ASSIGNED TASK:
Look through the data below and output, unchanged, every line from the one holding "Villa pour 3" through the one holding "Mazda Bongo PETROL", inclusive. Skip the pictures.

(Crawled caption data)
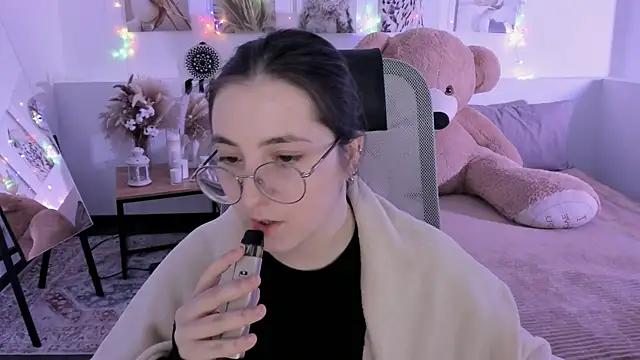 VirtuallVoyant online show from 04/06/26, 07:26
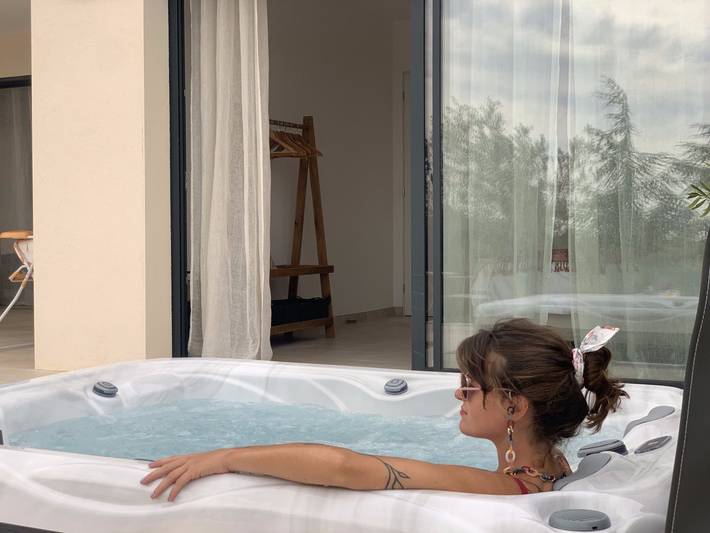 Villa pour 3 personnes, avec jacuzzi et terrasse ainsi que piscine et sauna en Ardèche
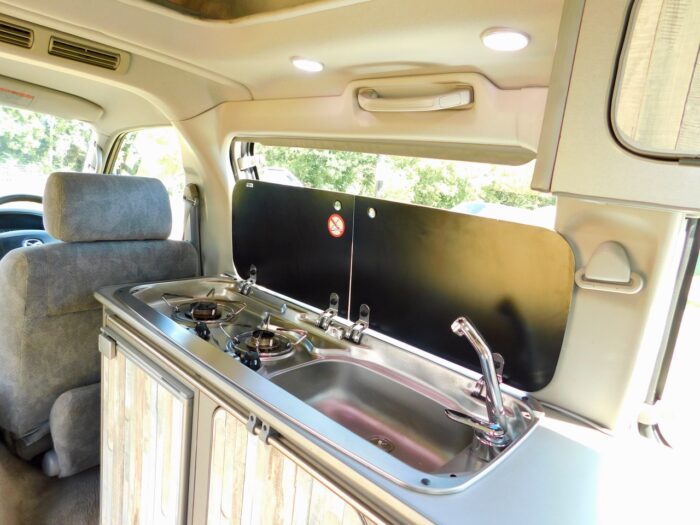 Mazda Bongo PETROL Automatic Professional Conversion 2 + 2 Berth Smooth and Silky Petrol Automatic Engine.. £11,999 - Image 9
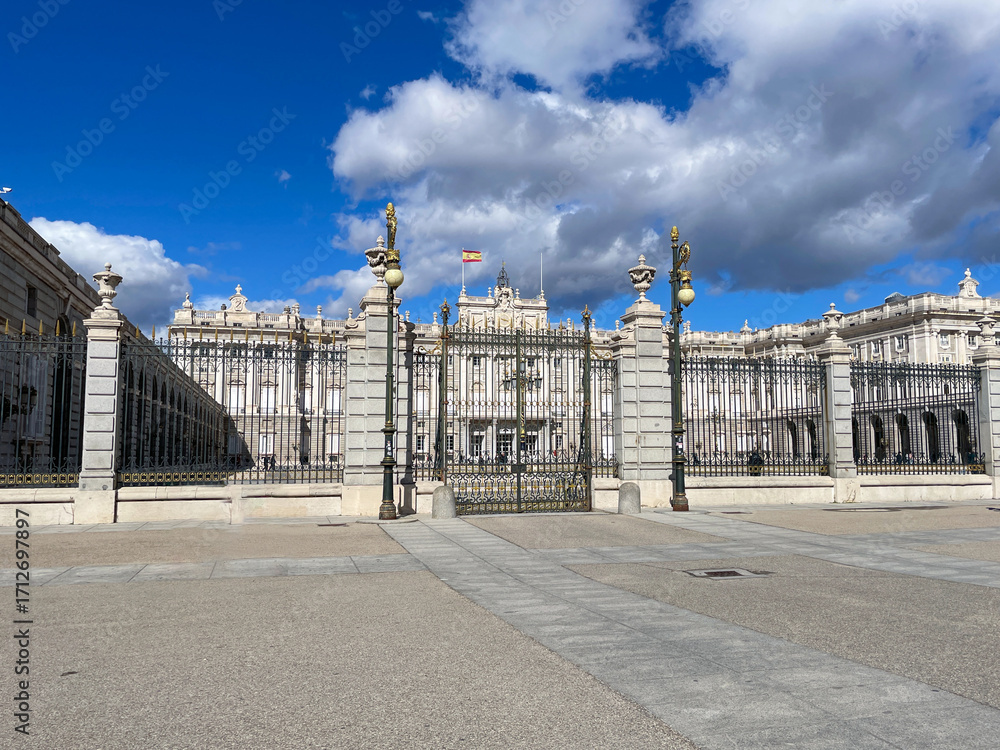 Fototapeta premium Main Courtyard of the Royal Palace of Madrid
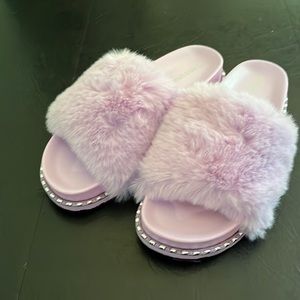 Soft women sandals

FINAL ANSWER:
 Villa pour 3 personnes, avec jacuzzi et terrasse ainsi que piscine et sauna en Ardèche
 Mazda Bongo PETROL Automatic Professional Conversion 2 + 2 Berth Smooth and Silky Petrol Automatic Engine.. £11,999 - Image 9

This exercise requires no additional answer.